BLOG - ARCHIVES

Blog

2nd Quarter 2017 Commercial Market Report

Outlook for almost all sectors of commercial real estate in the Atlanta and North Georgia areas remains strong and positive:

  • Atlanta Office Market: Following the negative start to 2017, Atlanta’s office absorption turned positive in the second quarter with just over 616,000 square feet of space absorbed. In spite of the positive absorption, Atlanta’s overall vacancy rate increased slightly quarter-over-quarter due to the delivery of new office product. The positive activity in the second quarter will likely carry over into the latter half of the year, leading to a sixth consecutive year of occupancy gains in Atlanta’s office market.

 

  • Atlanta Industrial Market: Posting its second consecutive quarter, Atlanta maintained its top spot in the nation with the most space absorbed year-to-date (8 million sf.). For a second straight quarter, Atlanta saw its overall industrial vacancy rate decline, despite even more space coming onto the market. Industrial rents in Atlanta showed signs of peaking as the overall average remained close to the same level it has been in the past couple of quarters. Given mid-year occupancy gains, and taking into account forecasted absorption, Atlanta is well on its way to record annual industrial absorption.

 

  • Atlanta Multifamily Market: Job growth, strengthened by numerous corporate relocations, has pushed rents to historic levels.

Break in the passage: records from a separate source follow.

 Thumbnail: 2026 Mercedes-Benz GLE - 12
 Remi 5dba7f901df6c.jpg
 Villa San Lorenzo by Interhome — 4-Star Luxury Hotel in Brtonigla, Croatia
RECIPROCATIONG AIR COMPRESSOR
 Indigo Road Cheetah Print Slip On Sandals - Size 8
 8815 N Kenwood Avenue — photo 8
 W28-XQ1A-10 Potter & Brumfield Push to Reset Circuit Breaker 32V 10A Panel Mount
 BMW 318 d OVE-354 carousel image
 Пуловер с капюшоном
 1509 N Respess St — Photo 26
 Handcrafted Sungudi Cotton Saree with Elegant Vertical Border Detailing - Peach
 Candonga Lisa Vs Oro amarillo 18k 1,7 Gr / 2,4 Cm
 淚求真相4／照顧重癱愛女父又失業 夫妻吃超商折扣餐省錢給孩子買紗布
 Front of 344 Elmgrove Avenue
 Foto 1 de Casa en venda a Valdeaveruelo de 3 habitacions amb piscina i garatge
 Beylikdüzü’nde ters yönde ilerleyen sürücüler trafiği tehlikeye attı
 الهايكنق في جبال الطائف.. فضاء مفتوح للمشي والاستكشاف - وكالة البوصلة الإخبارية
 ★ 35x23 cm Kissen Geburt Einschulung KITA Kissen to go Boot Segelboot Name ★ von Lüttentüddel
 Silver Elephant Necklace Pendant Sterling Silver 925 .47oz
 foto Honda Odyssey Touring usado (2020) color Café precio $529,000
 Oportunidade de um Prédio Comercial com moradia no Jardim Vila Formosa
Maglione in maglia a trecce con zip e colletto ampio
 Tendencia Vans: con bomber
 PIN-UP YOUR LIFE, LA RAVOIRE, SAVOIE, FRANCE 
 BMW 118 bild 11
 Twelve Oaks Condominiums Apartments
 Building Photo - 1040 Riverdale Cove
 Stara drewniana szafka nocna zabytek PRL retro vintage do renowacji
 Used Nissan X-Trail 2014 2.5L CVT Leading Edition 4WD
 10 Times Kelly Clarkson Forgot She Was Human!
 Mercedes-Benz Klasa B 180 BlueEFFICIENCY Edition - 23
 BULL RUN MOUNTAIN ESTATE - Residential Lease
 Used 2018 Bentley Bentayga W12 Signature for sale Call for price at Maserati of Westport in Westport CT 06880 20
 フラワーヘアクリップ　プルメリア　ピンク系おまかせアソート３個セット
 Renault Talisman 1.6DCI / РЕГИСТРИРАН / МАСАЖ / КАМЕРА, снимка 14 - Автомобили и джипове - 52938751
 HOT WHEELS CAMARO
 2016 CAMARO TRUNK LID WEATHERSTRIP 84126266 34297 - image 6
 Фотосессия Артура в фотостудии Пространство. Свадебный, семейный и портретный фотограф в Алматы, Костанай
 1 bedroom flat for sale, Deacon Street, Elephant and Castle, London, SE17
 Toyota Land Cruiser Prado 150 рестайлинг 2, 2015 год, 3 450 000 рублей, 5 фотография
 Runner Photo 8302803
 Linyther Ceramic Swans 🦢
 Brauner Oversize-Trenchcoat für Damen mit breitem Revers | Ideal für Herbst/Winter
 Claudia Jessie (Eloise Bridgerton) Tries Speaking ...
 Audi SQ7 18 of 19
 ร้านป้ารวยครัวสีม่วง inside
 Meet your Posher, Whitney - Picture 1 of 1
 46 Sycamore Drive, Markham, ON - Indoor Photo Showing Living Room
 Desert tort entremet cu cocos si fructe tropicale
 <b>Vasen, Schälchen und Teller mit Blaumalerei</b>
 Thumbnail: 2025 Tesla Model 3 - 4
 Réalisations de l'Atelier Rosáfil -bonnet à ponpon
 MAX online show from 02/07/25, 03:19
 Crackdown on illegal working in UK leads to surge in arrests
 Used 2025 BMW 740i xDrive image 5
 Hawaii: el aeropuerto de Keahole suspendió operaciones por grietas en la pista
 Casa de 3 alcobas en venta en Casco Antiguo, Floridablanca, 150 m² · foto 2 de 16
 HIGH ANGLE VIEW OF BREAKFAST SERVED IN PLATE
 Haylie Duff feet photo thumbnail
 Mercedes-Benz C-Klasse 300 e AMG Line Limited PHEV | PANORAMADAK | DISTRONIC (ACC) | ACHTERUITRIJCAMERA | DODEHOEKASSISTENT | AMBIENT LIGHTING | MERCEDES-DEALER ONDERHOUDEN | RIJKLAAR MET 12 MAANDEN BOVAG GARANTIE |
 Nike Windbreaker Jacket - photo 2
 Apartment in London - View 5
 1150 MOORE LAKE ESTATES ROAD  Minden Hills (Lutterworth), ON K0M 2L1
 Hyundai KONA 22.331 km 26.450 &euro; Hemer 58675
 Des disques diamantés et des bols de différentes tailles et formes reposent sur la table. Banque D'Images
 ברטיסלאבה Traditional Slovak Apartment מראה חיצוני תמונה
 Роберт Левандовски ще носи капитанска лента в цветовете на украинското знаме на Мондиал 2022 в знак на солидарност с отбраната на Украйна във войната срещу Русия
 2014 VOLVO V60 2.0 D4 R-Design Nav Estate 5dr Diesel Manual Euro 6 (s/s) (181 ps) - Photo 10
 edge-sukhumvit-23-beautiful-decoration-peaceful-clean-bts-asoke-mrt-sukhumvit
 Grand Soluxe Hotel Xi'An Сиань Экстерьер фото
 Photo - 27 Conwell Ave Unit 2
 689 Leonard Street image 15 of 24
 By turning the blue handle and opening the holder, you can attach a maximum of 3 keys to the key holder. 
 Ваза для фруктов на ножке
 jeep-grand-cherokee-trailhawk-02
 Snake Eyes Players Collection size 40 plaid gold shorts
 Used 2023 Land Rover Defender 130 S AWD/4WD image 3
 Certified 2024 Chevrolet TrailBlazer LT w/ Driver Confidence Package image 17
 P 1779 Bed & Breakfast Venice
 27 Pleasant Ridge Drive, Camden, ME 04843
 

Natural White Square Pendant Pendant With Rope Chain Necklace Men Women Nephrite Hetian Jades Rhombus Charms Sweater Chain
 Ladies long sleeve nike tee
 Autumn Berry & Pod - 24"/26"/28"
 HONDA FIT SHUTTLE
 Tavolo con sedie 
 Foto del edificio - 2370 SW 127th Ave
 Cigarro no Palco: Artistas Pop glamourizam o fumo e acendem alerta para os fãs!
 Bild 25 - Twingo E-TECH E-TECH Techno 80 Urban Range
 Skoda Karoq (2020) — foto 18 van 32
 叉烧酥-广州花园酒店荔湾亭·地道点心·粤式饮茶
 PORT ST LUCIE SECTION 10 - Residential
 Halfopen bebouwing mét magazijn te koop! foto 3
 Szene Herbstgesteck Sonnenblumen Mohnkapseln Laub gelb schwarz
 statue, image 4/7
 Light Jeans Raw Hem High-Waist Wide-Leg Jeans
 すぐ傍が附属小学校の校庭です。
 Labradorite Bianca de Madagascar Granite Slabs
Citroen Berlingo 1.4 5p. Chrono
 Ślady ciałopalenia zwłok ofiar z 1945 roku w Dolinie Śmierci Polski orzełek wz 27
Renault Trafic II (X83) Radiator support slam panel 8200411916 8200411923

With low unemployment and renters with more spending power, the demand for multifamily housing will continue to sustain pressure on market rents in the short-term.  Demand in Atlanta’s highly sought-after areas inside the perimeter continue to trend upward but competition for more affordable options poses a threat. Going forward, this trend will continue while demand in other submarkets south and outside the perimeter will remain less attractive square feet.

 

  • Atlanta Retail Market: Atlanta’s retail market continues to power ahead but at a slower pace than previous three years. The 516,032 SF of absorption in the first half of the year is only 60% of the space absorbed this time last year. Regardless, vacancy still dropped 0.2% due to a limited amount of supply delivering. The upward tick in rent provides hope that the supply and demand dynamics have reached a suitable point for the nearly 3 million square feet of construction that is taking place. This is the most retail space under construction since 2007. Macroeconomic conditions continue to look strong in Atlanta with another 80,000 jobs expected to be added this year, consumer spending driving GDP, and an increasingly bullish housing market.